There are few main ways to integrate multiple languages to work together:
This is a really popular architecture, used and preferred by many developers. The project is divided into few smaller projects (services). Each of these services is deployed independently and runs in a isolated process in the operating system. It communicates with the other services through a contract. A strict definitions of supported messages structures and data types.
A Microservice can expose multiple different functions. Each of them having specific arguments, return data type specification, and a messaging format (JSON, SOAP, custom messaging protocol). As long as the service implements the contract, it doesn’t matter what is the language that it is written in, nor the other technologies used.
When using the network to communicate, the services don’t care if they are deployed on single computer or on multiple machines.

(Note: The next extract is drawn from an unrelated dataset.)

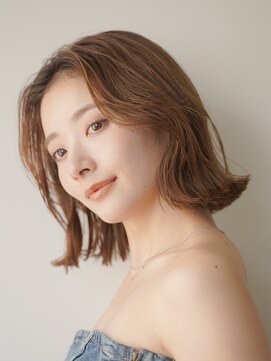 ワン 川崎(ONE) オリーブベージュ/ウェットヘア /レイヤーカット /川崎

It really shines best when used on cloud environments.
Any functionality can be exposed as a service: “payment processing module”, “speech recognition module”, “key/value storage” and so on.
- The services are decoupled. you can add any implementation and use any language as long as you stay true to the contract They are easily scalable.
- You can run all your services on 1 computer, or split them into multiple machine.
- Without adding too much complexity you can run multiple instances of one service as a cluster. Using this, you can handle huge workloads.
Imagine a scenario where we have multiple nested service calls. Service 1 calls Service 2 and Service 2 in terms calls Service 3. We will have to wait a bit to get the end result of the call to service 1. This might be fine for applications that can afford to wait, but it is a deal breaker when we need ultra fast responses.
Since the network has a limitation in speed, in order to increase the throughput, you can use shared memory instead of network to communicate. This greatly increase the amount of data that can be transferred between the services. The limitation of this is that it only works if the processes are on the same machine.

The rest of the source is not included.